◆ WHAT IS NEEDED
Please return only the lines from the one holding "Toronto Maple Leafs, James van Riemsdyk, NHL" through the one holding "Snapshot of dana_hazze", exactly as they appear in the records below, both ends included.

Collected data
┄┄┄┄┄┄┄┄┄┄

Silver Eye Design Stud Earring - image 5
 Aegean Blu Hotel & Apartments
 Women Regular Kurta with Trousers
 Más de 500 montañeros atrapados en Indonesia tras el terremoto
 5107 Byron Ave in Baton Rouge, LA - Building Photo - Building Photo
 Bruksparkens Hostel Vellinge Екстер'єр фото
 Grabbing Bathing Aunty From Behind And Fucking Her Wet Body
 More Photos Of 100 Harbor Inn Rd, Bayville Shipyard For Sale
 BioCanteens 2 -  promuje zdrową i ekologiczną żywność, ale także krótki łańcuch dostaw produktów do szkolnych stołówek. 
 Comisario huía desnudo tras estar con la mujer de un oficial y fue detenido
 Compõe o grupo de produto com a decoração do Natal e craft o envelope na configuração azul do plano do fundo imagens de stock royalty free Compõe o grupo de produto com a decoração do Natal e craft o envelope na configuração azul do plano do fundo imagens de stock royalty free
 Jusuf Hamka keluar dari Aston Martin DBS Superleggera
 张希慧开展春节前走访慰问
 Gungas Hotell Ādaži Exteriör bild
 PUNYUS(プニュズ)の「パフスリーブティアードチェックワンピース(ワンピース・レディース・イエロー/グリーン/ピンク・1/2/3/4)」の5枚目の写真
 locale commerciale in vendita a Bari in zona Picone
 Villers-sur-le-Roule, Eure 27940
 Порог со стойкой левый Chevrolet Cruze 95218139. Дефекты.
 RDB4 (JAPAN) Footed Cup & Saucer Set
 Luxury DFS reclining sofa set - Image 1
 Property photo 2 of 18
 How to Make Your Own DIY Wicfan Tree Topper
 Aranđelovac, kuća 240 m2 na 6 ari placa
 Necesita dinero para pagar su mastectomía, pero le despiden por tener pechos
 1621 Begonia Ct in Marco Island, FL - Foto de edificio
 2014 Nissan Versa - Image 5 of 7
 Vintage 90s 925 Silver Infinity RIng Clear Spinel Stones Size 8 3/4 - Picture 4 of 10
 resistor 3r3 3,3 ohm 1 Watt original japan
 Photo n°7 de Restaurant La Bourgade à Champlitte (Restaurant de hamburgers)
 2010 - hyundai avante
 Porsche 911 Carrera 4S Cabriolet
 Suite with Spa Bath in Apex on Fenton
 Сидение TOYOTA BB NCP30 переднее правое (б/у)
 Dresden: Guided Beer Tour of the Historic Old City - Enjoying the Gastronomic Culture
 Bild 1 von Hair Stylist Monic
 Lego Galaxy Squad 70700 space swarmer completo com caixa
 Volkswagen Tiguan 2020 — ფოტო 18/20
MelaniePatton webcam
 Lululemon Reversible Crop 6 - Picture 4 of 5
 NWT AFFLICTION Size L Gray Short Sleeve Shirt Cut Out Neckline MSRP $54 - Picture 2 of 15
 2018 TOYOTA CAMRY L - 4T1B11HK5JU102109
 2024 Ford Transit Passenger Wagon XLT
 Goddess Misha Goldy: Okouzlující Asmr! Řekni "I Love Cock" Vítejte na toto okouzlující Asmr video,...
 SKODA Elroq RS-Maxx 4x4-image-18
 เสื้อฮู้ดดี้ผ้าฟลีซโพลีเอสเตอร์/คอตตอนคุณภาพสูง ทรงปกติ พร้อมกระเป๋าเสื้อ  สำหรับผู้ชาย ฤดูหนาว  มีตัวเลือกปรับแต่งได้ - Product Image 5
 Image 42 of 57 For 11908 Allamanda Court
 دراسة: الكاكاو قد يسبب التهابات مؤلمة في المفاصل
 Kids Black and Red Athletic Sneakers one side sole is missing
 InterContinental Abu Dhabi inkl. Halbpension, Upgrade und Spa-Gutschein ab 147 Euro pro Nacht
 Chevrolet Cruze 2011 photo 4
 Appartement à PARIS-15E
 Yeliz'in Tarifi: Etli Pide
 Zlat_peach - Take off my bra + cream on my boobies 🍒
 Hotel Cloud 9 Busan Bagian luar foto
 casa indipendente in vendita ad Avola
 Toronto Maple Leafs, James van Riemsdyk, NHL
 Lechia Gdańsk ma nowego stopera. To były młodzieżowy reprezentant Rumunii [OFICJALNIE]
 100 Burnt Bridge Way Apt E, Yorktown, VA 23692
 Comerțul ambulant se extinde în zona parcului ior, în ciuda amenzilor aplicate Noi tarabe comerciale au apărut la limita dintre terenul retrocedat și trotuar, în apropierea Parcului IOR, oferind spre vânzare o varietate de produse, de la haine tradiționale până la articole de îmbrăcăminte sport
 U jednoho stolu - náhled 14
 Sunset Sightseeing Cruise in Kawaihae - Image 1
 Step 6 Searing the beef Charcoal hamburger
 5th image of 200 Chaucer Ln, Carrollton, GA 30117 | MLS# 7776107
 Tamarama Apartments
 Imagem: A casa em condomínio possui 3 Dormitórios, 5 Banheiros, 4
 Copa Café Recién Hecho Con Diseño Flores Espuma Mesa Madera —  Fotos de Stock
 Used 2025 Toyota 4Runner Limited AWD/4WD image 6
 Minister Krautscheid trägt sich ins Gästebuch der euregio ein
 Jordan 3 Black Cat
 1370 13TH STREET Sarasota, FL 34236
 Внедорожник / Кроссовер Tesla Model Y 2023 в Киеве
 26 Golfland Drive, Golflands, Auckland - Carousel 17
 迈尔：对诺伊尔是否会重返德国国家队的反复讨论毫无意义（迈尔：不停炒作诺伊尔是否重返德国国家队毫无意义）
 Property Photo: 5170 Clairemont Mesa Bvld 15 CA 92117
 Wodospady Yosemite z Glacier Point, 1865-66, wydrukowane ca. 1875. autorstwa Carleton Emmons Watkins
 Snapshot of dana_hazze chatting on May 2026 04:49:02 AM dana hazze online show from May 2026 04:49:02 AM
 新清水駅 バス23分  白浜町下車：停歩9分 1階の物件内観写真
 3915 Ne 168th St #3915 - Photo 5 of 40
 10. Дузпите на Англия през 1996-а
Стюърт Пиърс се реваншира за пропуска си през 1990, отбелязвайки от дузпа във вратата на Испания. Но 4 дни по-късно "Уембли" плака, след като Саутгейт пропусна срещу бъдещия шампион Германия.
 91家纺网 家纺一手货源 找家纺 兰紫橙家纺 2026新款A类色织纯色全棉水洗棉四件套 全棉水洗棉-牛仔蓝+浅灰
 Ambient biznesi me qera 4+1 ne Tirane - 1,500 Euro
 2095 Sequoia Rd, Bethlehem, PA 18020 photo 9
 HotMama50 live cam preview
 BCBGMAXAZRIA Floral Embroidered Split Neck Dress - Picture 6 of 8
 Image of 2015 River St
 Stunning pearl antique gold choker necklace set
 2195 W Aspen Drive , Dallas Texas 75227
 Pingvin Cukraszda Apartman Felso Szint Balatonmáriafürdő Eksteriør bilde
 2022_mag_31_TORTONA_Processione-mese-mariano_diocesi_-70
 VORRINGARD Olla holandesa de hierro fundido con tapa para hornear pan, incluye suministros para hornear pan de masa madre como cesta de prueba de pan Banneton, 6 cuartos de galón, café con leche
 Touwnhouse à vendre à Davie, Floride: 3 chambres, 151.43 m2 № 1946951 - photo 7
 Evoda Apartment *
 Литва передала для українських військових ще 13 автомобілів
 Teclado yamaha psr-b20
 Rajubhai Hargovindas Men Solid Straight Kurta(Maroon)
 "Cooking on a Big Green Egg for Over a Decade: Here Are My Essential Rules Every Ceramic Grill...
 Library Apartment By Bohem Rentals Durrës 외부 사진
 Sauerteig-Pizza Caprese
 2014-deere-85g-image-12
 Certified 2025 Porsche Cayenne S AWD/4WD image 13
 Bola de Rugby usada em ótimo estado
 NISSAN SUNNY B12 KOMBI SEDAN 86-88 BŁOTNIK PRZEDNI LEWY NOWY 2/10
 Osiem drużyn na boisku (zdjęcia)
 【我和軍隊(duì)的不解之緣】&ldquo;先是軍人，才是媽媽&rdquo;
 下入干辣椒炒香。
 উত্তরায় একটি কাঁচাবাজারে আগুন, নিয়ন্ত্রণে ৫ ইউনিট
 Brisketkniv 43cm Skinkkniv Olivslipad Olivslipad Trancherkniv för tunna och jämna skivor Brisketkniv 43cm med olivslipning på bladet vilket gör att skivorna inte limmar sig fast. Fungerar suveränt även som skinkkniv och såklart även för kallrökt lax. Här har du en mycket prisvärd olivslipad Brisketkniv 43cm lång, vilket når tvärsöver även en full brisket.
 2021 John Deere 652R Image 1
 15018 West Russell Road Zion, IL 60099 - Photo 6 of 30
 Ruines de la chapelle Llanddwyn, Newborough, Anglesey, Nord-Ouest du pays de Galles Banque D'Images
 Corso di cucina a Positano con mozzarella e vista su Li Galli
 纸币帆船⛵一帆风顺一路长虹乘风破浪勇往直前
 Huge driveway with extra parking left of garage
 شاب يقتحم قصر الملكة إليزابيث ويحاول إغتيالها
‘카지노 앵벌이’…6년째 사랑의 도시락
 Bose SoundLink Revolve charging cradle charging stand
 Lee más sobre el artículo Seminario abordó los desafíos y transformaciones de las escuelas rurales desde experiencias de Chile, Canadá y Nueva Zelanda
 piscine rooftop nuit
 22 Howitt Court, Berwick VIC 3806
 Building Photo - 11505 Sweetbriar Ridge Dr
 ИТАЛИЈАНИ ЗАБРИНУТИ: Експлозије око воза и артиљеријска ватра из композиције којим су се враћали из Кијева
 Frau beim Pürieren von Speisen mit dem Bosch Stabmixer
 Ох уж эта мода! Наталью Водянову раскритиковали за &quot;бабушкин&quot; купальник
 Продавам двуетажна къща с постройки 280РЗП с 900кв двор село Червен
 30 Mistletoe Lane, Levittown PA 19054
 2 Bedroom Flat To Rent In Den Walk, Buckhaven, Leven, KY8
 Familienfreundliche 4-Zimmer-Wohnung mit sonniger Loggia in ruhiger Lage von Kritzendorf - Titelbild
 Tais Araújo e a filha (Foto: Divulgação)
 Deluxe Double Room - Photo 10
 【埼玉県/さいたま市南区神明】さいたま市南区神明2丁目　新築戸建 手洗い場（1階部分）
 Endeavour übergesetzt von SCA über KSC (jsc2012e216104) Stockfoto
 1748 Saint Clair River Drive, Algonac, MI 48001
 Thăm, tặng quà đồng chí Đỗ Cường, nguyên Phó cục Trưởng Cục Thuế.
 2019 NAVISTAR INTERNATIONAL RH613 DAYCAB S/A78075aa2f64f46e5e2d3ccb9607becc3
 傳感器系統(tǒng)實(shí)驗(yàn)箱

┄┄┄┄┄┄┄┄┄┄

◆ YOUR RESPONSE
 Toronto Maple Leafs, James van Riemsdyk, NHL
 Lechia Gdańsk ma nowego stopera. To były młodzieżowy reprezentant Rumunii [OFICJALNIE]
 100 Burnt Bridge Way Apt E, Yorktown, VA 23692
 Comerțul ambulant se extinde în zona parcului ior, în ciuda amenzilor aplicate Noi tarabe comerciale au apărut la limita dintre terenul retrocedat și trotuar, în apropierea Parcului IOR, oferind spre vânzare o varietate de produse, de la haine tradiționale până la articole de îmbrăcăminte sport
 U jednoho stolu - náhled 14
 Sunset Sightseeing Cruise in Kawaihae - Image 1
 Step 6 Searing the beef Charcoal hamburger
 5th image of 200 Chaucer Ln, Carrollton, GA 30117 | MLS# 7776107
 Tamarama Apartments
 Imagem: A casa em condomínio possui 3 Dormitórios, 5 Banheiros, 4
 Copa Café Recién Hecho Con Diseño Flores Espuma Mesa Madera —  Fotos de Stock
 Used 2025 Toyota 4Runner Limited AWD/4WD image 6
 Minister Krautscheid trägt sich ins Gästebuch der euregio ein
 Jordan 3 Black Cat
 1370 13TH STREET Sarasota, FL 34236
 Внедорожник / Кроссовер Tesla Model Y 2023 в Киеве
 26 Golfland Drive, Golflands, Auckland - Carousel 17
 迈尔：对诺伊尔是否会重返德国国家队的反复讨论毫无意义（迈尔：不停炒作诺伊尔是否重返德国国家队毫无意义）
 Property Photo: 5170 Clairemont Mesa Bvld 15 CA 92117
 Wodospady Yosemite z Glacier Point, 1865-66, wydrukowane ca. 1875. autorstwa Carleton Emmons Watkins
 Snapshot of dana_hazze chatting on May 2026 04:49:02 AM dana hazze online show from May 2026 04:49:02 AM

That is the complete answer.